Running is one of the most popular ways to fit exercise into your routine. In 2017 alone, nearly 60 million Americans participated in some form of running1.

While the most popular reason for running is pretty broad – improving general fitness, running carries a variety of long and short-term, mental and physical benefits. Some of these are intuitive and well-known, while others might be new to you!

It’s safe to say – running is good for you.

Now let’s examine the major ways in which picking up the pace improves your health and wellbeing.

1. Running improves cardiovascular health

Running is useful for your heart health. 

High blood pressure is a common issue, which, if untreated, can lead to more serious problems, such as heart disease, heart attack, and stroke2.

If you’re looking to decrease your blood pressure as a preventative measure, you’ll benefit from regular running.

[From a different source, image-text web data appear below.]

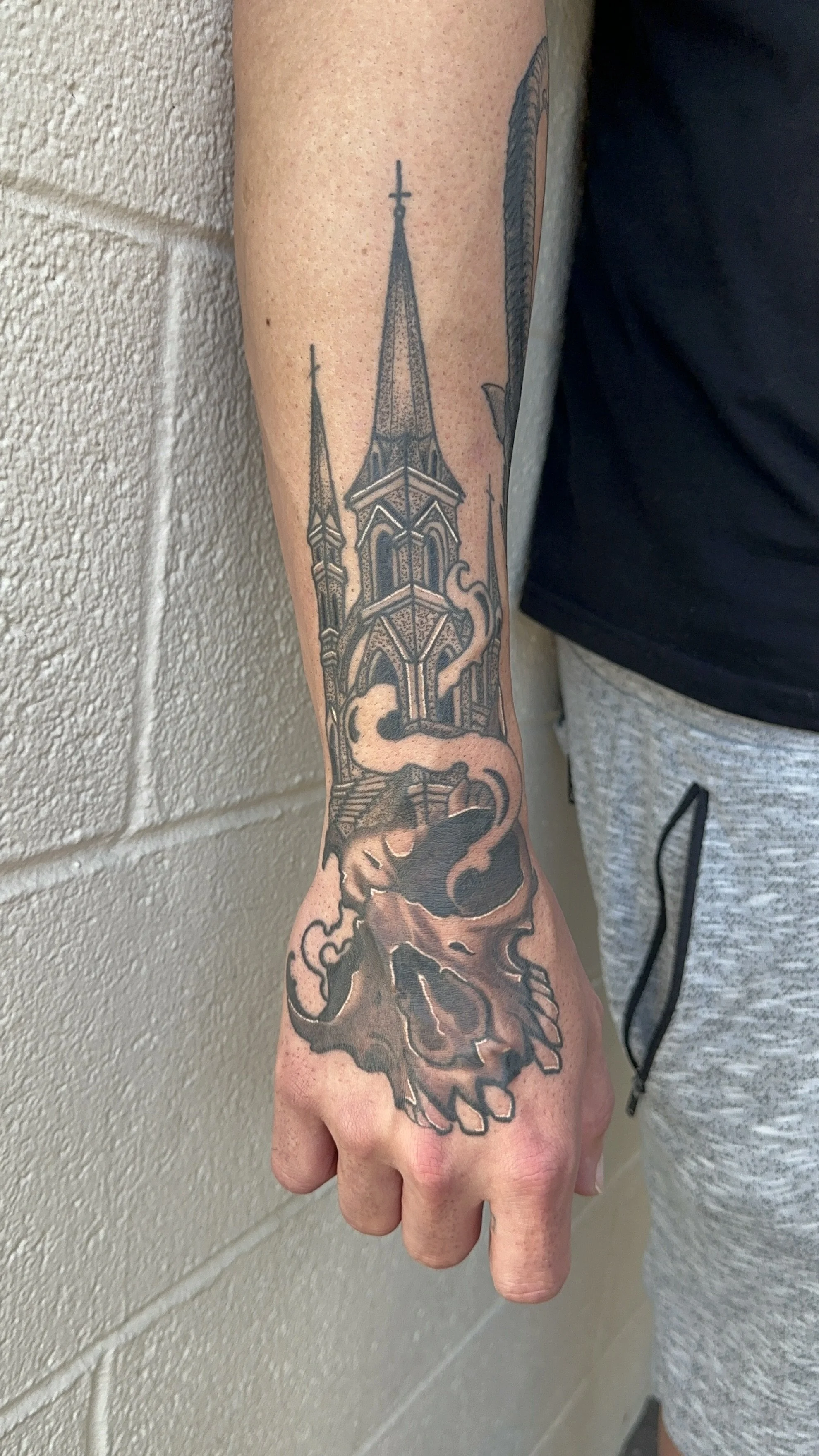 Tattoo of a church steeple with two smaller spires and a skull with smoke or flames rising from it on a person's forearm.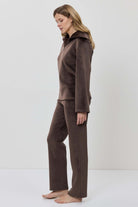 A woman modeling a matching two-piece lounge set in dark brown, featuring a long-sleeve half-zip pullover and coordinating pants.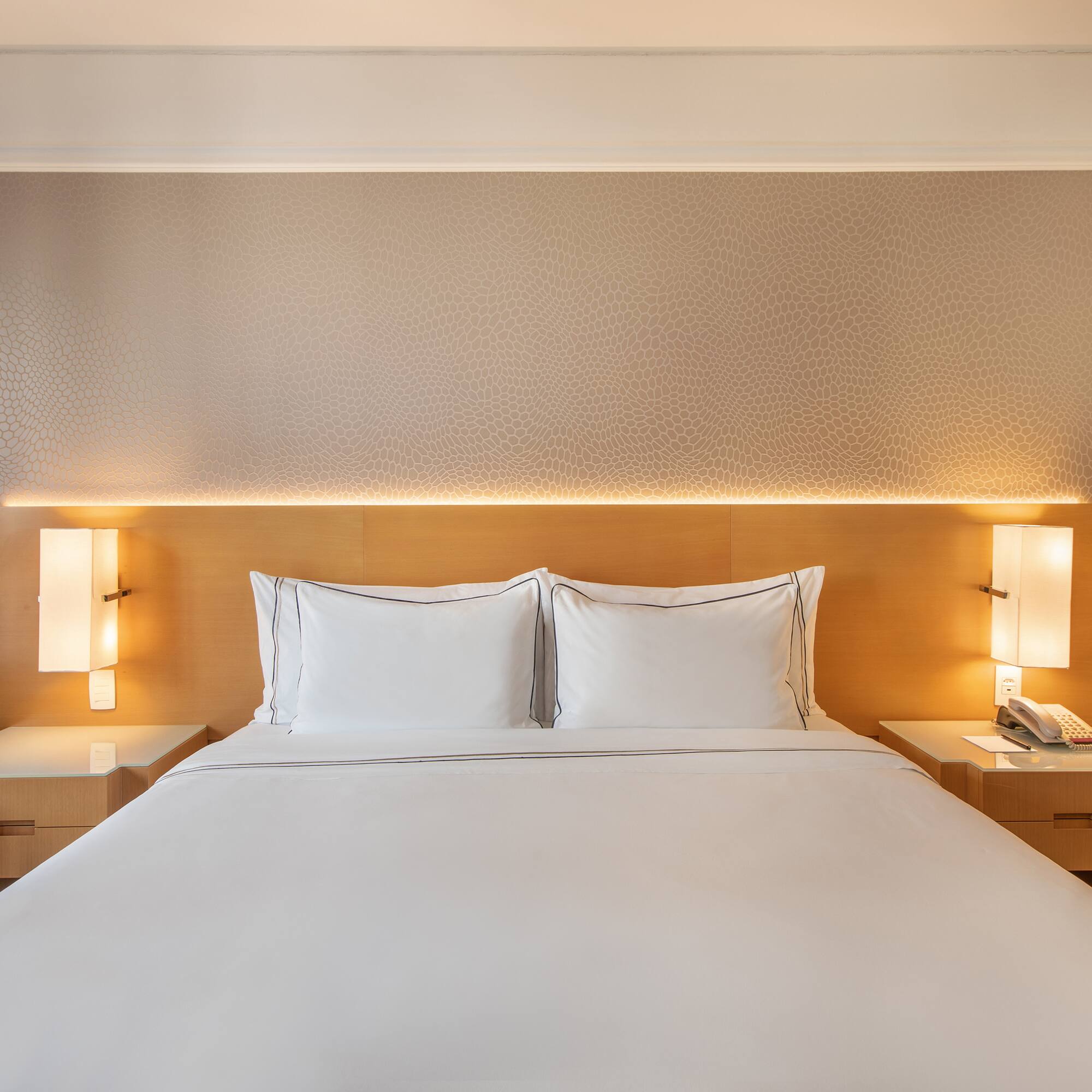 a bed with white sheets and a lamp on the side of it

However, if you’re already suffering from hypertension, you should run at a moderate effort and a restrained volume3.

Another good metric of your heart and overall health is your resting heart rate4.

A 2015 overview of studies has concluded that running is effective in lowering resting heart rate5. A lower resting heart rate is associated with a lower cardiac risk, longer lifespan, and better physical fitness.

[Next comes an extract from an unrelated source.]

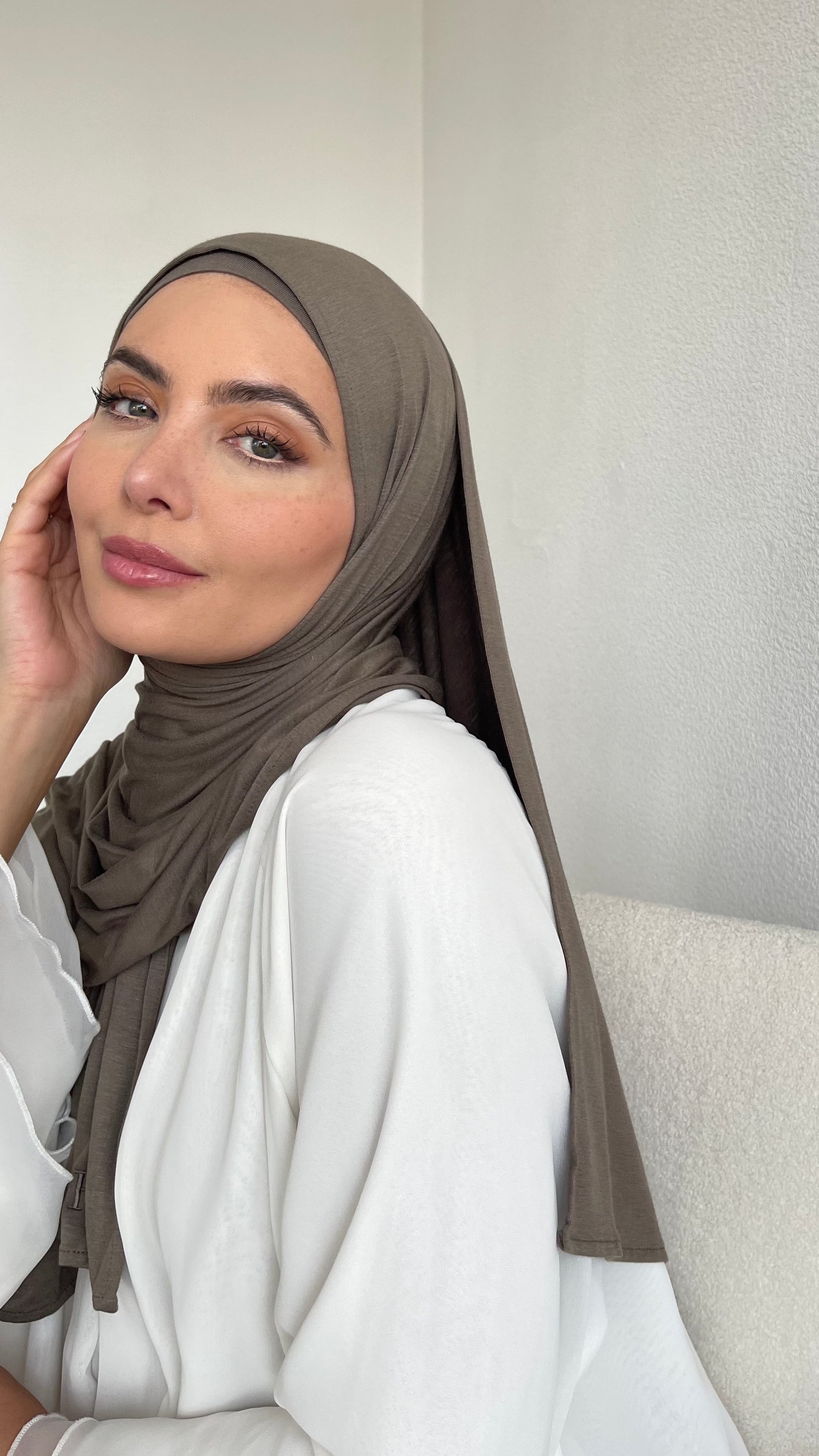 A muslim woman wearing a khaki green jersey hijab, paired with a white modest outfit look.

Essentially, if you run regularly, you’re a lot less likely to suffer from heart issues than anyone who doesn’t.

2. Running improves mental health, cognitive ability, and sleep

Running has many benefits for your brain and your day-to-day cognitive functioning.

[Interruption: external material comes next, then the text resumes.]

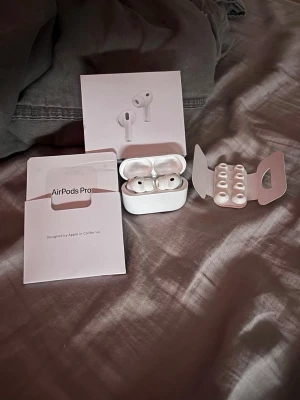 Apple AirPods Pro med laddningsetui - Säljer ett par vita Apple AirPods Pro med trådlöst laddningsetui. Hörlurarna har silikonproppar i olika storlekar och levereras med originalförpackning och manual. Snygg och kompakt design i blankt plastmaterial, perfekt för dig som vill ha grymt ljud och smidig användning.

While anecdotally, many runners participate in the exercise to reach the so-called “runner’s high,” which is an elevated mental state some people experience after vigorous exercise, running actually has many benefits beyond the short-term explosion of dopamine.

Runners report mental and emotional benefits from running – relief of tension, improved self-image, better mood, and improved self-confidence. A 2020 study concluded that running is a highly efficient tool in preventing and treating different psychological conditions.

Woman in jogging pants wearing headphones

To be more specific, running has been found to help maintain emotional stability and reduce symptoms of depression, including mental dullness7. Essentially, running makes your life more interesting!

But of course, running is not only a preventative measure for mental conditions – it helps you think clearer and faster too. Running, especially at high intensity, helps you create more connections between the nerves in your brain, helping you learn new things more easily8. And it helps your mind stay sharp for longer – so get really comfortable with the idea of running into old age if you want to stay mentally sharp for as long as you possibly can!

3. Running with an app helps create a habit of running

Running apps are more than just a fancy diary!

Running apps are an excellent way to build a habit of running. By providing accurate tracking, a clear timeline of progress that can be accessed at any point, and, in the case of some running apps like Joggo, providing helpful running plans that help build stamina and improve performance while helping people lose weight, they contribute to the growing number of runners.

A 2017 paper showed that apps are the most helpful and most heavily used by beginner runners9. This shows that to start running and become one of the millions of runners around the US, you don’t need a fancy smartwatch or even a running team that might not be accessible if you live in an area that doesn’t have one.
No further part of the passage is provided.